Post#7 » by Invictus88 » Thu Jun 4, 2020 5:25 pm

elchengue20 wrote:
Invictus88 wrote:As a Pistons fan... No. Just no.

This is a guy who eclipsed the league average in effective fg% just 3 times in his career and was an abysmal free throw shooter to boot. He played zero defense 90% of the time, often failing to even make it across half court on that end. He was a black hole on offense where defenders would sink off of him several *feet* to leave him wide open. He never got the hint. He jacked the shots up anyway. When he did drive smart teams would just foul him so he could miss at the line. And it was never his fault that the offense had no rhythm. Never his fault for the porous defense.
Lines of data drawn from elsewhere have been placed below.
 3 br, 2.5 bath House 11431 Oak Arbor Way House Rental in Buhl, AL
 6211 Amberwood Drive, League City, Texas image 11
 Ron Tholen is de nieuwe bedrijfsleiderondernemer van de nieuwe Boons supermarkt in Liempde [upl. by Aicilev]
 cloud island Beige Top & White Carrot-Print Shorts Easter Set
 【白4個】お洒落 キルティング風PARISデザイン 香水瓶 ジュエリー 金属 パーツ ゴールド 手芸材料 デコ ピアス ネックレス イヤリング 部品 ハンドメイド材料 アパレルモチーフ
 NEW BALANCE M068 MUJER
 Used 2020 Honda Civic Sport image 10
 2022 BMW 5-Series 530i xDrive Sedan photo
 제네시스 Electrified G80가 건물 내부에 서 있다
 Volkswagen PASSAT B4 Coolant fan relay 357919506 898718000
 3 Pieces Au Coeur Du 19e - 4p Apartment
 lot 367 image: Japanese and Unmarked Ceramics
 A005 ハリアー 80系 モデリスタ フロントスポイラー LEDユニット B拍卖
Zero accountability.

There's a reason Atlanta let him walk away for nothing.
There's a reason Detroit is STILL paying to have had him leave the team in *2014*

Joe Dumars was foolhardy enough to be enamored with highlight reel Josh Smith and it looks like the author of this article was as well. Because for fans whose teams he was actually on it was nothing but pain and anguish. So much talent and such a willingness to waste it.


But the writer sayed he was terrible in Detoit. He lost interest. In Atlanta he had some promising moments, in his good games he was close to a Shawn Marion level player. Not a bad player at all.


The writer said he wasn't always bad. Historically speaking he was in the top 20 worst shooters of all time. (See basketball references adjusted shooting stats) That's including his Atlanta years.

I'm willing to take being bad for your team 90-95% of the time as making the statement 'Not a bad player at all' payently false.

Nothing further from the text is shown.